（Haruka Kim, freelance writer.）
February 22 is "Takeshima Day," a day designated by Shimane Prefecture as a local regulation. The never-ending dispute over Takeshima continues between Japan and South Korea. With Takeshima Day just around the corner, we would like to take a fresh look at the literature, maps, and past history.
When discussing the territorial issue of Takeshima (Korean name: Dokdo), we should of course base our argument on past maps and documents, but there are some aspects that are difficult to clarify, such as the difference between the past names and the current names. There are various descriptions of Ulleungdo and Usando islands in past maps and documents of Korea, and it is necessary to identify which islands the names in the documents refer to, but there are multiple different interpretations, and it depends on which theory you base it on.

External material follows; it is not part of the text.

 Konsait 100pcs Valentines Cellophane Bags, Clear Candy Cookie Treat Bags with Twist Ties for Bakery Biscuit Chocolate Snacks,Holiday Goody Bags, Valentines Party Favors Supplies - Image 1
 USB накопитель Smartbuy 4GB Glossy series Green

There is a theory in Korea that claims that "Seokdo", which appears in the 1900 Imperial Decree of the Korean Empire, is today's Dokdo (Japanese name: Takeshima). However, the name "Seokdo" is not found in the earlier documents, and even after the imperial edict, it disappeared due to the reorganization of administrative districts, so now we do not know which island it refers to.
There are two islands near Ulleungdo called Gwaneumdo and Jukdo. This Gwaneumdo is most likely Seokdo, but the claim that it's called Dokdo based on the name Seokdo, which appeared only once in the past and quickly disappeared, is not strong enough. Note that Jukdo is a different island from Japan's Takeshima (Korean name: Dokdo).
It is reasonable to assume that the Chosun Dynasty did not recognize Takeshima because it was not included in the Gangnido map (Honil Gangni Yeokdae Gukdo Ji Do) created by the Joseon Dynasty in 1402. After that, until the 18th century, there were some maps with the island mentioned and others without, as well as some errors in location. It is questionable whether the Chosun Dynasty was aware of Takeshima.